**The problem:**
Keep each line of the material that includes "Lithium", and leave out the rest.
'''
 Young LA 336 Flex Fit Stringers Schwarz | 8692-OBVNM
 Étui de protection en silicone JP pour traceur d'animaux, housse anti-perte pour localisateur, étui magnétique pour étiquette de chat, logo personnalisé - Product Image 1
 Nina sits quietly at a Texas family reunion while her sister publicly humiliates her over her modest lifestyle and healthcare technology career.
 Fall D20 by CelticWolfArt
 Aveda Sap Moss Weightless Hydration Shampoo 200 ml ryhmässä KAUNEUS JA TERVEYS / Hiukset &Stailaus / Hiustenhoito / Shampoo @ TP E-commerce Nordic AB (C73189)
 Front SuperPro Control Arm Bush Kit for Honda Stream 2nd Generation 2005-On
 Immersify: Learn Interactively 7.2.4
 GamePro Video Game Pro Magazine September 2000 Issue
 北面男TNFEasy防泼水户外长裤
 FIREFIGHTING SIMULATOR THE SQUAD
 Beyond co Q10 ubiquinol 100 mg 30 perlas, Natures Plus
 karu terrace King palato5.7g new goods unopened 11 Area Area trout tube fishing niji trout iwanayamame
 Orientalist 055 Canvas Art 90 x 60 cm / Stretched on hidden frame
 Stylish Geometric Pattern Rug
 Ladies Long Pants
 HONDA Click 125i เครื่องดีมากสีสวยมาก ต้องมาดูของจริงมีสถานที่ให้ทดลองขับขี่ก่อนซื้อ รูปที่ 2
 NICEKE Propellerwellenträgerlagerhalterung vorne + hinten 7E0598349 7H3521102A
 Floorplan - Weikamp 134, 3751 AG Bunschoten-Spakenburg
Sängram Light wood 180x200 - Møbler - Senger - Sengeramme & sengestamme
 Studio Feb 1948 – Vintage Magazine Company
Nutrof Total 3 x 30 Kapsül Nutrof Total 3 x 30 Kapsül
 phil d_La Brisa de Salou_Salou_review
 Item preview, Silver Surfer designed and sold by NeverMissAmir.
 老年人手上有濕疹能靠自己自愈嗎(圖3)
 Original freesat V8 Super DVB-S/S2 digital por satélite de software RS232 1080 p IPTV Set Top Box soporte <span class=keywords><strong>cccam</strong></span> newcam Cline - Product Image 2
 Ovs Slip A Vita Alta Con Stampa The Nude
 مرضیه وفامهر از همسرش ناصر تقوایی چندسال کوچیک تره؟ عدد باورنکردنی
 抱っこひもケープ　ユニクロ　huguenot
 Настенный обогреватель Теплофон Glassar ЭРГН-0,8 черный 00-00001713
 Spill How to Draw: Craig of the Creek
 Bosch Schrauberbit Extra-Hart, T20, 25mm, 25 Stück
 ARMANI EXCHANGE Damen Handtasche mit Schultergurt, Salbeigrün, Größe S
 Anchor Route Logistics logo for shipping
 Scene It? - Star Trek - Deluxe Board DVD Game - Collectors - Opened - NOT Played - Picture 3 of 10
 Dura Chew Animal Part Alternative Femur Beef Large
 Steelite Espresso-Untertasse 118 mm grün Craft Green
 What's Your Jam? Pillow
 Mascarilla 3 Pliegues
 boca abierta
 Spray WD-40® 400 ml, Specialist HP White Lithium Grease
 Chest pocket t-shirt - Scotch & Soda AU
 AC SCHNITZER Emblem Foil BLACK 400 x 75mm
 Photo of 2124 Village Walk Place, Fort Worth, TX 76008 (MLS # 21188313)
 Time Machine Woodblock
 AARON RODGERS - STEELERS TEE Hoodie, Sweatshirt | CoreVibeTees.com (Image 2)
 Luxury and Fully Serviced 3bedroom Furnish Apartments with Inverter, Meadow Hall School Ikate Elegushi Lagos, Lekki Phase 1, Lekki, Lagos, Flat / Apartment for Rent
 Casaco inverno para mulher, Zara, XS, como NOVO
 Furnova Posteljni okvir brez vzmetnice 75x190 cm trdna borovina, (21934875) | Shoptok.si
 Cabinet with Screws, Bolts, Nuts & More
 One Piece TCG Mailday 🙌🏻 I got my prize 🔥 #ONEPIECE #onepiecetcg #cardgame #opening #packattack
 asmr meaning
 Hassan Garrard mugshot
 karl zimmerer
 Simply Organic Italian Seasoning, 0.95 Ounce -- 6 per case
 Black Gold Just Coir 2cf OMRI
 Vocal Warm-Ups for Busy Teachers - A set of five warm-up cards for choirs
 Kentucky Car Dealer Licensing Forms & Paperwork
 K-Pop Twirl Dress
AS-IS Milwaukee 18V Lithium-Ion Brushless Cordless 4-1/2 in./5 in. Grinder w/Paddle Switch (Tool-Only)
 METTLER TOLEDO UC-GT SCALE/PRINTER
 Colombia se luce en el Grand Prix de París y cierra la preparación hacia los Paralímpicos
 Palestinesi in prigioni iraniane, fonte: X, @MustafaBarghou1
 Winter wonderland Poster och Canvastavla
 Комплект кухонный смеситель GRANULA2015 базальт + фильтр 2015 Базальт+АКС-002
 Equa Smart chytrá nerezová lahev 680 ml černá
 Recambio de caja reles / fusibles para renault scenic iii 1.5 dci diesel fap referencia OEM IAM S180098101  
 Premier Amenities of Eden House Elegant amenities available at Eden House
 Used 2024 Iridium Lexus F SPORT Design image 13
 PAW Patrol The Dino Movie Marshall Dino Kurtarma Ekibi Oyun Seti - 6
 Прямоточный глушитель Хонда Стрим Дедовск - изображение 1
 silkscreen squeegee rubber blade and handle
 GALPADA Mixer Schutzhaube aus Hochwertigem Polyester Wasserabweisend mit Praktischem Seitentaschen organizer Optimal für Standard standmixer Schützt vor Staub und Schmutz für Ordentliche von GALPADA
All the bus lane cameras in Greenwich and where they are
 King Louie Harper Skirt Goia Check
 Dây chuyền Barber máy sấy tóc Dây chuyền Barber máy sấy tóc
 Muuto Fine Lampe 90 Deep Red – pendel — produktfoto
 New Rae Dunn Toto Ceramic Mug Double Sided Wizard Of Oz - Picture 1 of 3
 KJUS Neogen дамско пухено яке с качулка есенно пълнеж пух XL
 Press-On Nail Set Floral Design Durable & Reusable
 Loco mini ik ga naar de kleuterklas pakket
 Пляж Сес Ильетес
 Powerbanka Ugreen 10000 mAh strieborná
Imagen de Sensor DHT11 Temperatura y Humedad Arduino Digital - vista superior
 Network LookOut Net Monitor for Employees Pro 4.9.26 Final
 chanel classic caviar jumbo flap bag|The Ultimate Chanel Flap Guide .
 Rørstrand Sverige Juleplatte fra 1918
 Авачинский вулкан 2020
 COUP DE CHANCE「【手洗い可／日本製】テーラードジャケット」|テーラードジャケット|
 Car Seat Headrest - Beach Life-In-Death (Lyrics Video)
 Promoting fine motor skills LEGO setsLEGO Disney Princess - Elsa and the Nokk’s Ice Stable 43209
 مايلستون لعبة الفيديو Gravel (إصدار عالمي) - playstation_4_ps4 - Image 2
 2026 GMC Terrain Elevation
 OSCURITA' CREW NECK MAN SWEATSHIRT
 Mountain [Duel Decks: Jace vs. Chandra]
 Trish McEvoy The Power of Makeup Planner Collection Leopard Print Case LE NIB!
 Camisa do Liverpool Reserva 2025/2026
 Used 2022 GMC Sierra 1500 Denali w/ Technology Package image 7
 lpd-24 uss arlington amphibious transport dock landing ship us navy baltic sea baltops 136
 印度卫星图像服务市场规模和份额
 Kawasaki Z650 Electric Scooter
'''
**Result of the exercise:**
 Spray WD-40® 400 ml, Specialist HP White Lithium Grease
AS-IS Milwaukee 18V Lithium-Ion Brushless Cordless 4-1/2 in./5 in. Grinder w/Paddle Switch (Tool-Only)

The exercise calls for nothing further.